===== Task material

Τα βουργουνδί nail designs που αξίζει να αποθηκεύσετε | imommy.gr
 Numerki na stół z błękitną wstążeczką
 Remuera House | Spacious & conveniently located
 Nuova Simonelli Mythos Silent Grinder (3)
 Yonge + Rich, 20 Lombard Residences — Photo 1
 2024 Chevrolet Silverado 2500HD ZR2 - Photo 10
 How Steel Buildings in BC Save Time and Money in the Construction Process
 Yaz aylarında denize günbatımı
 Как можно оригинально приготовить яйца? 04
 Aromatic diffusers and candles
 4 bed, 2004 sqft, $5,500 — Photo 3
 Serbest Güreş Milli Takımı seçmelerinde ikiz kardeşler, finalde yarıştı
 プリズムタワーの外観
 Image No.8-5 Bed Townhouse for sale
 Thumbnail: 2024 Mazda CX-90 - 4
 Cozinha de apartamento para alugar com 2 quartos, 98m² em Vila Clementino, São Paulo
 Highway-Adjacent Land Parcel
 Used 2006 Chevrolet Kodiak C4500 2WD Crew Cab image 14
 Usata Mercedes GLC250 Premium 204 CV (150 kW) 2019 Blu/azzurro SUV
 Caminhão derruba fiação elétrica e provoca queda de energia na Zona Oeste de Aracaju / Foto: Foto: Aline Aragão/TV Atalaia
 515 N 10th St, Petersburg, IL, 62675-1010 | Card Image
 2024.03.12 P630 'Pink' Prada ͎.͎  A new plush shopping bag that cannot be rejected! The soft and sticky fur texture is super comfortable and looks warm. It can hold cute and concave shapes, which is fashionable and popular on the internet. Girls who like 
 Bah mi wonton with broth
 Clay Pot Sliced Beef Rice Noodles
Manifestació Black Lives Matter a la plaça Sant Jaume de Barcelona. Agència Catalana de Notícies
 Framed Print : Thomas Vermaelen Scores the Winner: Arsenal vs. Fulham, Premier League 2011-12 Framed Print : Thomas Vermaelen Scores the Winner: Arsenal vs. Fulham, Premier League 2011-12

==========

**Instructions for the task:**
Set down exactly, and only, the lines from the one containing "How Steel Buildings" to the final line of the data.

**Completed task:**
 How Steel Buildings in BC Save Time and Money in the Construction Process
 Yaz aylarında denize günbatımı
 Как можно оригинально приготовить яйца? 04
 Aromatic diffusers and candles
 4 bed, 2004 sqft, $5,500 — Photo 3
 Serbest Güreş Milli Takımı seçmelerinde ikiz kardeşler, finalde yarıştı
 プリズムタワーの外観
 Image No.8-5 Bed Townhouse for sale
 Thumbnail: 2024 Mazda CX-90 - 4
 Cozinha de apartamento para alugar com 2 quartos, 98m² em Vila Clementino, São Paulo
 Highway-Adjacent Land Parcel
 Used 2006 Chevrolet Kodiak C4500 2WD Crew Cab image 14
 Usata Mercedes GLC250 Premium 204 CV (150 kW) 2019 Blu/azzurro SUV
 Caminhão derruba fiação elétrica e provoca queda de energia na Zona Oeste de Aracaju / Foto: Foto: Aline Aragão/TV Atalaia
 515 N 10th St, Petersburg, IL, 62675-1010 | Card Image
 2024.03.12 P630 'Pink' Prada ͎.͎  A new plush shopping bag that cannot be rejected! The soft and sticky fur texture is super comfortable and looks warm. It can hold cute and concave shapes, which is fashionable and popular on the internet. Girls who like 
 Bah mi wonton with broth
 Clay Pot Sliced Beef Rice Noodles
Manifestació Black Lives Matter a la plaça Sant Jaume de Barcelona. Agència Catalana de Notícies
 Framed Print : Thomas Vermaelen Scores the Winner: Arsenal vs. Fulham, Premier League 2011-12 Framed Print : Thomas Vermaelen Scores the Winner: Arsenal vs. Fulham, Premier League 2011-12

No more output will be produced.